*** PROVIDED INFORMATION ***

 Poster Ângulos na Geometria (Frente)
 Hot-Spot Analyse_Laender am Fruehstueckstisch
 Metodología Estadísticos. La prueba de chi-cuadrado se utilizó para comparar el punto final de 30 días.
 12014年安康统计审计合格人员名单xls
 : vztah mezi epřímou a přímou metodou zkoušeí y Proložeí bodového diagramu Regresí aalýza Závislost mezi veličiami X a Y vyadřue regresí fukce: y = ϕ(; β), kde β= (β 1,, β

*** End of PROVIDED INFORMATION ***

- WHAT YOU SHOULD DO
Keeping every word in place, restate the entries above.

- RESULT OF THE EXERCISE
 Poster Ângulos na Geometria (Frente)
 Hot-Spot Analyse_Laender am Fruehstueckstisch
 Metodología Estadísticos. La prueba de chi-cuadrado se utilizó para comparar el punto final de 30 días.
 12014年安康统计审计合格人员名单xls
 : vztah mezi epřímou a přímou metodou zkoušeí y Proložeí bodového diagramu Regresí aalýza Závislost mezi veličiami X a Y vyadřue regresí fukce: y = ϕ(; β), kde β= (β 1,, β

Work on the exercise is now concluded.